When all goes to plan of course, the drugs are taken regularly (as in, within the same hour or two each day), and side effects are minimal. There are a range of side effects even under proper use of course – I alone have had excessively vivid dreams, a sleepy feeling after taking them, light nausea that comes and goes. It’s similar to feeling like I’m constantly in the very early stages of a pregnancy. (And NO, I am definitely NOT). I also strongly believe that although my moods are much more level, it also eliminates the true joys as well as the true sorrows of feeling, having a general numbing / dulling effect on life really. There is a big portion of me that feels like, when I’m on the drug, I’m not 100% myself, that some essential essence of me gets castrated whilst taking the drug. That, as well as being hard to put into words, is also quite unscientific, and thus hard to add to a list of side effects. But it adds up, and in my mind is definitely a negative side of the drugs.

However.
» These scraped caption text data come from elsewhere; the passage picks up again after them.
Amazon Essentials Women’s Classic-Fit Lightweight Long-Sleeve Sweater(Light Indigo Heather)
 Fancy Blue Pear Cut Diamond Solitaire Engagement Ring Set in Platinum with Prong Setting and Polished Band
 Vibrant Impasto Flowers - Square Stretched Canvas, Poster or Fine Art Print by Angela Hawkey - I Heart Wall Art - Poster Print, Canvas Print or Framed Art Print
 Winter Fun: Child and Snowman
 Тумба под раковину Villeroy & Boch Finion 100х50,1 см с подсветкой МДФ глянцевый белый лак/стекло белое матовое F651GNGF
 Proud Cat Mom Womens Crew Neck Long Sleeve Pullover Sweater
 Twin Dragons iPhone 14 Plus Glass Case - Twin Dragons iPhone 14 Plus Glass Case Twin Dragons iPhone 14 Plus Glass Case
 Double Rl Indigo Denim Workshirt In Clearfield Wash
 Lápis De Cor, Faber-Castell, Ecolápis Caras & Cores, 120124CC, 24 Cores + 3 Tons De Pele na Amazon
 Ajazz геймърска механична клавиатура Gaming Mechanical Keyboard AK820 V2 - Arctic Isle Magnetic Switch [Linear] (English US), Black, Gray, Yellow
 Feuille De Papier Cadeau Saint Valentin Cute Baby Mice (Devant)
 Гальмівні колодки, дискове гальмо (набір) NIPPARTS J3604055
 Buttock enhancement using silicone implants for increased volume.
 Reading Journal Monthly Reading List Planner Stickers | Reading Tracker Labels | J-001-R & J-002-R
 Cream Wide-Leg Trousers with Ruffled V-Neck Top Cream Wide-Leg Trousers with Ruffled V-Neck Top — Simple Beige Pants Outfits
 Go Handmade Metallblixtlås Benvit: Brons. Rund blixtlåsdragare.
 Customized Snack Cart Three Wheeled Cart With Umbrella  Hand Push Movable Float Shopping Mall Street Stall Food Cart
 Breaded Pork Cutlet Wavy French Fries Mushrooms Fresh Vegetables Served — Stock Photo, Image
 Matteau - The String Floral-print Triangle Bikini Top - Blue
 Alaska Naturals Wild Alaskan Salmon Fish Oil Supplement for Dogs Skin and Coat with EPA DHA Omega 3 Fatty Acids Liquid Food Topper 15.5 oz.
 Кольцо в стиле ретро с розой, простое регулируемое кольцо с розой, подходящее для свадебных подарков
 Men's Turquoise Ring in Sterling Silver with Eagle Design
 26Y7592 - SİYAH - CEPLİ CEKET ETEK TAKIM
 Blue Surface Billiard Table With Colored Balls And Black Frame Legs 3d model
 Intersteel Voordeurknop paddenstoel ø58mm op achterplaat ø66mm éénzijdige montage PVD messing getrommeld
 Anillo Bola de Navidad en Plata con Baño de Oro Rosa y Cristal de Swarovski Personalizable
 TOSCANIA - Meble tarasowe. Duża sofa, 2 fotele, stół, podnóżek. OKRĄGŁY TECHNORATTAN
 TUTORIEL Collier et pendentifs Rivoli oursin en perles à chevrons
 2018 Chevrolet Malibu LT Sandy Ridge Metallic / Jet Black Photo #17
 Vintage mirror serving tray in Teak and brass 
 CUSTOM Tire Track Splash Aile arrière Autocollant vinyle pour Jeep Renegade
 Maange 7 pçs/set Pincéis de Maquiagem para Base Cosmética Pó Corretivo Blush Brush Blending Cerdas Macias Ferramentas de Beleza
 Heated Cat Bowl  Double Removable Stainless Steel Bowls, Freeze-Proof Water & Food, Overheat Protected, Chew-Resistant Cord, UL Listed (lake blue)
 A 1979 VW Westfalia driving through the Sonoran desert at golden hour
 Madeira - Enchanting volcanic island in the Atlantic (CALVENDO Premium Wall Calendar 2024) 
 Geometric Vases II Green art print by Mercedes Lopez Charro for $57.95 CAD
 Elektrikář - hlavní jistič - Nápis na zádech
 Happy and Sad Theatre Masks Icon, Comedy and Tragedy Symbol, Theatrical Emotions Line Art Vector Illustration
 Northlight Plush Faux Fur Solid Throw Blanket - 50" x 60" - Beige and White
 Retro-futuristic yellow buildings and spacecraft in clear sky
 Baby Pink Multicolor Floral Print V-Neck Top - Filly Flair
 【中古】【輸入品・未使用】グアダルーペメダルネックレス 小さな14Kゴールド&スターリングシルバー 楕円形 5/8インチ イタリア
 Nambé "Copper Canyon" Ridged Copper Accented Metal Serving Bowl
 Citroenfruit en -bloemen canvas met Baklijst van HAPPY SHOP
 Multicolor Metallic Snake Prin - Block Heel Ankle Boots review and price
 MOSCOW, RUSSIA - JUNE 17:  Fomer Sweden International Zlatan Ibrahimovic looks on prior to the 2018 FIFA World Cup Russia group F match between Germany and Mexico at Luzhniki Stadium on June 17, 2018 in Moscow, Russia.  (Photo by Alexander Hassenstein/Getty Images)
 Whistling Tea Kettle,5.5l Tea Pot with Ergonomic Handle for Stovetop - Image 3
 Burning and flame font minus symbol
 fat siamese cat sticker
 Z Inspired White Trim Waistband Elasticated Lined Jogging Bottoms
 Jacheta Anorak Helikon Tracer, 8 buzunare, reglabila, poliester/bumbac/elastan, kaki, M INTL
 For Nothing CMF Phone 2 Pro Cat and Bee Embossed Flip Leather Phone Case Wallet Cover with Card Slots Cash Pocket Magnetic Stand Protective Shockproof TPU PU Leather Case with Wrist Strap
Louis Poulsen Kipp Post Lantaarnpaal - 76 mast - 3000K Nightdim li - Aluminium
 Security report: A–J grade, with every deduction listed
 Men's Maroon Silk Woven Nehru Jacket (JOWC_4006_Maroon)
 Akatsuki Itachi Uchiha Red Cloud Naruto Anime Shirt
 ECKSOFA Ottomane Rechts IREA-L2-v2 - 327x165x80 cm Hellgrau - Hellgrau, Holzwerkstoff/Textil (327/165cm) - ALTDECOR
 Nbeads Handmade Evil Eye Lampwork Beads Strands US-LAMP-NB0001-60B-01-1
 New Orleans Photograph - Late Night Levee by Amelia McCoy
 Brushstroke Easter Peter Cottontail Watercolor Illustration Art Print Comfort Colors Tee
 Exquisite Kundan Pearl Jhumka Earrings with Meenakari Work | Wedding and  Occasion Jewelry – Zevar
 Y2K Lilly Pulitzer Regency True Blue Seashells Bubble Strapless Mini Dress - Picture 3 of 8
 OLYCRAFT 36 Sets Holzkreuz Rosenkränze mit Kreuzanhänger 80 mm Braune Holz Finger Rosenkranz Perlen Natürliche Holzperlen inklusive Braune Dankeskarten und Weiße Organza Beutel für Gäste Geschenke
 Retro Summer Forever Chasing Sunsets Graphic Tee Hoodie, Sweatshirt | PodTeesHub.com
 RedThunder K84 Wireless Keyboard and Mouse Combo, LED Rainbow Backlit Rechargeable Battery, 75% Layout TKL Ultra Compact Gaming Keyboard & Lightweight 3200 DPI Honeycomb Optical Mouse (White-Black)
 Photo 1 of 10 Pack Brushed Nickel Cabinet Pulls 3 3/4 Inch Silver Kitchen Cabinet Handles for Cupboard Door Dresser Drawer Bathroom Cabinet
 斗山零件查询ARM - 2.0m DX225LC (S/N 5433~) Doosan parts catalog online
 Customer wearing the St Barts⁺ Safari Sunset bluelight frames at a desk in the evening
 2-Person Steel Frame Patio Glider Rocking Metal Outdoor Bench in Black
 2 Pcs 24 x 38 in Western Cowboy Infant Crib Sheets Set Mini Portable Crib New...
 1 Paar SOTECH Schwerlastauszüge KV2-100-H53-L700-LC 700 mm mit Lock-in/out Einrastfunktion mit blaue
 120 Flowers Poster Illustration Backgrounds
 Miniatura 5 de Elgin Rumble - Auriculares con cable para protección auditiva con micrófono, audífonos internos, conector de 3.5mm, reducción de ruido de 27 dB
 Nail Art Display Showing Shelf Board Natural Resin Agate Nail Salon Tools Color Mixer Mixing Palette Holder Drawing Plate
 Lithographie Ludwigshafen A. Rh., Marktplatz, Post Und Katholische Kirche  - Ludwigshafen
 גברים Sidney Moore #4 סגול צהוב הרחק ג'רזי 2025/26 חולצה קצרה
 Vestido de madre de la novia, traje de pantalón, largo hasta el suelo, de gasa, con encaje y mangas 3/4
The discontinuation syndrome kicks my ass, very thoroughly. Doing a quick and fairly unscientific read around the Internet last night, and the main recommendation for those having severe discontinuation syndrome (when legitimately intending to discontinue) is merely to resume taking the drug. Discontinuation syndrome does not mean that the depression isn’t cured or past yet. It merely means that the drug is now so essential to the system that it has become a necessary for the system to function… much like other well known addictive drugs.

I didn’t intend to come off Paroxetine this week, and thus, am back on my regularly scheduled dosage, hopefully to be all evened out within a couple days. However, the past week’s experiences have highlighted that I may well be on this cursed drug for the rest of my life – or at the very least, until significant medical advances have been made in the area of depression and the medication used to treat it.